We only toured the various temples outside Siem Reap. Don't miss the temple at Banteay Srei, it is further out and costs extra but well worth it. I got a ton of information and advice from the Fodors travel forum. There's a lot of experienced Thailand travellers there with great advice. Through the forum I connected with a guide in Siem Reap over the internet and we were very happy with her. Also connected with a driver in Bangkok. You'll have a great time. I loved Thailand, except it is very hot & humid, Cambodia even more so because you spend more time outside at the temples. When are you going?


----------



## Cathyb (Apr 30, 2006)

Thanks for the info. Leaving Jan 25 and returning Feb 25. Spending 3 nights Singapore, 7 nights Marriott timeshare Phuket, 5 nights Marriott hotel Bangkok, 3 night Chiang Mai, 2 night Chiang Rai and 5 nights in Siem Reep. Sort of overwhelmed by it all (in a nice way  ) I will check out Fodor's.


----------



## ekw (Apr 30, 2006)

I am a frequent visitor to Thailand. You can pretty much wear what you like - except inside temples. Some other cultural faux pas you need to be aware of:

1) Never touch anyone one the head - I have seen foreigners patting children on the head thinking they are being nice 
2) Never point the soles of the feet towards anyone
3) Take your shoes off going into a private dwelling or temple
4) Don't "wai" everyone in sight. The wai gesture has complicated social rules - you need to learn them first.
5) Don't raise your voice if you are frustrated or angry (of course this works in all cultures - but the Thais are particularly sensitive to it)
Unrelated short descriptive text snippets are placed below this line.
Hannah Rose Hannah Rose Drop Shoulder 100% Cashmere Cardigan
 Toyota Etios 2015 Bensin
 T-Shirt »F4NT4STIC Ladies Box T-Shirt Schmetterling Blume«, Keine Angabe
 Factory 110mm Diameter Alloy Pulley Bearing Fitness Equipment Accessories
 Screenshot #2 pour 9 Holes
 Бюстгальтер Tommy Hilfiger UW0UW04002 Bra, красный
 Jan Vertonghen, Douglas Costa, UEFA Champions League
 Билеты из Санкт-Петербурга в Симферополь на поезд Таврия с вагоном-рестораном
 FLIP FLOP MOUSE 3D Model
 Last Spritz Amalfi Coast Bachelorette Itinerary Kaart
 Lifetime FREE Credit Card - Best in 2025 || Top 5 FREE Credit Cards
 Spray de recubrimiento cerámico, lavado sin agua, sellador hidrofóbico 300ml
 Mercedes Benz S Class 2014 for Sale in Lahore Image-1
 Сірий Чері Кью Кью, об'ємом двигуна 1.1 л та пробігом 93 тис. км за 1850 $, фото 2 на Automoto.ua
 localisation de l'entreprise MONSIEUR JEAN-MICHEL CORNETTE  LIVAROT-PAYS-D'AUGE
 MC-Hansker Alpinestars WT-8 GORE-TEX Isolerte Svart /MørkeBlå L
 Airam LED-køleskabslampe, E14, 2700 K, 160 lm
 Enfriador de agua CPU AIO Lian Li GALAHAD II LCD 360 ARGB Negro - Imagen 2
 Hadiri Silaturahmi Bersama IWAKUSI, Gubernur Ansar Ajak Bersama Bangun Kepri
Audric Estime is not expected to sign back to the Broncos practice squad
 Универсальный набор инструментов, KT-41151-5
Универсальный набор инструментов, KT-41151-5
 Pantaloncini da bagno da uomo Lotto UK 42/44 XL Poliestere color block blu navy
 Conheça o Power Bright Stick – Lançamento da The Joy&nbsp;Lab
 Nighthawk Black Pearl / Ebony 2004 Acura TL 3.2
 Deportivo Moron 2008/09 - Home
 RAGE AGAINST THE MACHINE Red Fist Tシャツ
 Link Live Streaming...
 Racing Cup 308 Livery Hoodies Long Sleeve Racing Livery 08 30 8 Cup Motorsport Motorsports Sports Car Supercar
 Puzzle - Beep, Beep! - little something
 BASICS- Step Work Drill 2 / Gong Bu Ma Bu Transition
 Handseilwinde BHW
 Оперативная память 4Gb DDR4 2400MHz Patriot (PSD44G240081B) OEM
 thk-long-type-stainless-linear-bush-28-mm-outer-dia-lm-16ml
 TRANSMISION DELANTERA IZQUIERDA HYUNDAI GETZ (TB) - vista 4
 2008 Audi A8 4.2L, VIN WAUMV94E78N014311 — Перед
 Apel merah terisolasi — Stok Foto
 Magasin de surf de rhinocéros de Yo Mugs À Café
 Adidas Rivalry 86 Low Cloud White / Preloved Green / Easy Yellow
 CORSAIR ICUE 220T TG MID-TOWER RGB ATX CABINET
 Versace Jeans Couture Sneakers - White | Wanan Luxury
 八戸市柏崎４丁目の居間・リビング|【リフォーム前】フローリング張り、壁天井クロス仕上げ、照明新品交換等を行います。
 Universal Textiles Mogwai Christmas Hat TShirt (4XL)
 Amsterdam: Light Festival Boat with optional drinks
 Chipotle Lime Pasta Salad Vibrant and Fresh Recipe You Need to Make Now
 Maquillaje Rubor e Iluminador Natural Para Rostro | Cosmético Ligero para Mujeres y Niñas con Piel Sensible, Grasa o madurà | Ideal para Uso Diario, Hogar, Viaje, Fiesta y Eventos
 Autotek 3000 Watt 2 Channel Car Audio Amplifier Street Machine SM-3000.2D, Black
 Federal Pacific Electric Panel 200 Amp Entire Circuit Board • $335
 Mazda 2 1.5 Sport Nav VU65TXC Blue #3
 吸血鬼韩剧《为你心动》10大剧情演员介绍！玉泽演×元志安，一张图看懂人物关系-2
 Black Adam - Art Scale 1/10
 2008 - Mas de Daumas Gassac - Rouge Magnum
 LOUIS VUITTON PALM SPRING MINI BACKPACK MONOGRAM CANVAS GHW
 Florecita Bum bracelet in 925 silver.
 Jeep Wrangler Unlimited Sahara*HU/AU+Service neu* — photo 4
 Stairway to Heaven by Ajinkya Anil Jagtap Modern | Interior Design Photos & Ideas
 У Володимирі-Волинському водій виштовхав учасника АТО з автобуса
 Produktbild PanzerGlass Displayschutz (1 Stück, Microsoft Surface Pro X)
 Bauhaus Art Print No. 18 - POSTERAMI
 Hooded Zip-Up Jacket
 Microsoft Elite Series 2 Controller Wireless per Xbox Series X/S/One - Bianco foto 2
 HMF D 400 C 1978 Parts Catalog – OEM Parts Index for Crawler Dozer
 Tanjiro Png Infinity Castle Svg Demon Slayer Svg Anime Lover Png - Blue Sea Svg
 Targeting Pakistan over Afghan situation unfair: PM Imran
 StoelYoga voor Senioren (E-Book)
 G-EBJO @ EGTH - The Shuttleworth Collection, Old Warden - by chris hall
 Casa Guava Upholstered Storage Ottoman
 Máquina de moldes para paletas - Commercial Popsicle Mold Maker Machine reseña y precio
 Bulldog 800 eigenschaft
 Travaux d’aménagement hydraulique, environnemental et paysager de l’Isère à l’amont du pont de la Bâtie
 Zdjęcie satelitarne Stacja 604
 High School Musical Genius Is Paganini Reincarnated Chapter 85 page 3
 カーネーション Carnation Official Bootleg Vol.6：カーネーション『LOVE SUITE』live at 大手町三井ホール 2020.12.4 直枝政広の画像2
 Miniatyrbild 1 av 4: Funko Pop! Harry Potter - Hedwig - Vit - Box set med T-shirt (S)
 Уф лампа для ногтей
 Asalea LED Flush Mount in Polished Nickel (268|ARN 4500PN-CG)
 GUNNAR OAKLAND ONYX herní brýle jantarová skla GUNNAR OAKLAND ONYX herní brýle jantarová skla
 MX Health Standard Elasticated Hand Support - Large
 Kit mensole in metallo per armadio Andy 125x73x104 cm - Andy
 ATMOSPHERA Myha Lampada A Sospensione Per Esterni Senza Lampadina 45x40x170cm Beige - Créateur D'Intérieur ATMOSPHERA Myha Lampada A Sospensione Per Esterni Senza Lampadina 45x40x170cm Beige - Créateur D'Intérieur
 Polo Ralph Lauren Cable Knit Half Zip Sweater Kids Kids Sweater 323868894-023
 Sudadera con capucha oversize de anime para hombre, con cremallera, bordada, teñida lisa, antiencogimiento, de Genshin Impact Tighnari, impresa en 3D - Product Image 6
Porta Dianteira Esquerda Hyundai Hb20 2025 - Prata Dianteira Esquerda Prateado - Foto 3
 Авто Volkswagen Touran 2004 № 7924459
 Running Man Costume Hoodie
For some of the above, you will be politely corrected whilst for others you will be silently forgiven because you are a foreigner. None of the western "Hey, who do you think you are!" here. 

Hope this helps.


----------



## ValHam (May 4, 2006)

No clothing restriction problems in Ankor Wat. Although after returning last year I heard of some possible requirement of wearing special shoes...not sure if this has been enforced yet...but I'm sure if need be they'll be available for rental...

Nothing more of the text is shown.